L'intensité mesure la force d'un ouragan, ce qui comprend la vitesse du vent, et dans ce domaine des augmentations ont été enregistrées. Le plus grand changement, cependant, est dans la durée des tempêtes, dans le nombre jours pendant lesquels elles se déchaînent.

La durée des tempêtes a sensiblement augmenté dans le monde entier. L'énergie totale d'un ouragan se calcule en multipliant son intensité par sa durée. Ce facteur a aussi augmenté de façon brutale, et le phénomène devrait s'accentuer avec l'augmentation des températures.

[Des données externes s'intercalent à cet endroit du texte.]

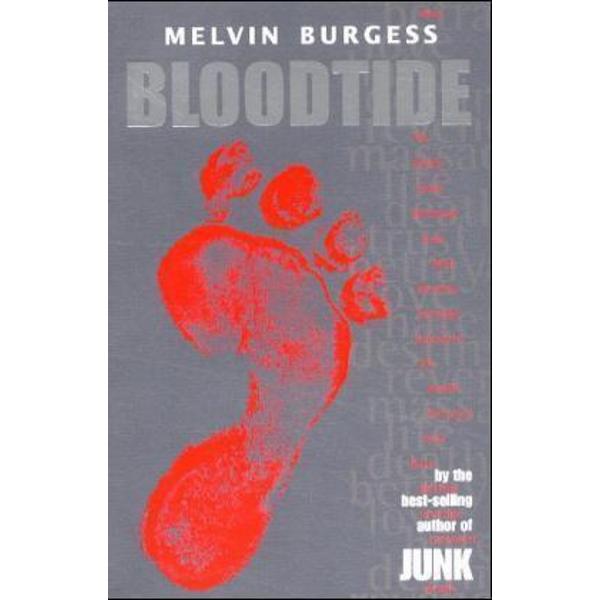 Bloodtide - Melvin Burgess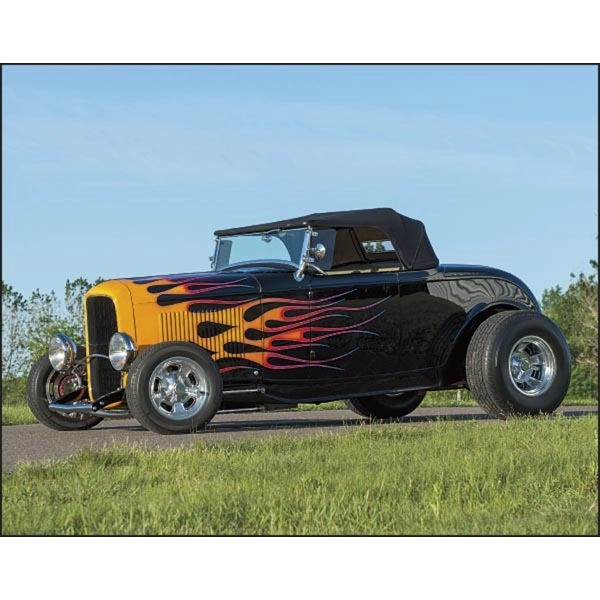 Spiral Street Rods Vehicle 2022 Appointment Calendar - Image 14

Selon les scientifiques et les ingénieurs qui travaillent sur les changements climatiques, les gouvernements doivent adopter deux réactions principales. La première, appelée “atténuation,” implique la réduction du changement climatique provoqué par l'homme.

Il est possible d'y parvenir en changeant le système énergétique mondial afin de limiter l'émission de CO2 dans l'atmosphère, principale cause du changement climatique imputable aux humains. L'une des solutions consiste à passer aux sources d'énergie qui n'émettent pas de CO2, comme les énergies renouvelables (énergies solaire et éolienne) et l'énergie nucléaire. On peut aussi associer l'énergie basée sur le carbone (charbon, pétrole et gaz) avec les nouvelles technologies qui empêchent l'émission de carbone dans l'air. 

La deuxième réaction au changement climatique, appelé “adaptation,” demande que nous nous tenions prêts à affronter le changement de climat qui a commencé à se produire ainsi qu'à celui qui se produira dans les années à venir. Cela signifie se préparer à subir des ouragans plus intenses et plus longs.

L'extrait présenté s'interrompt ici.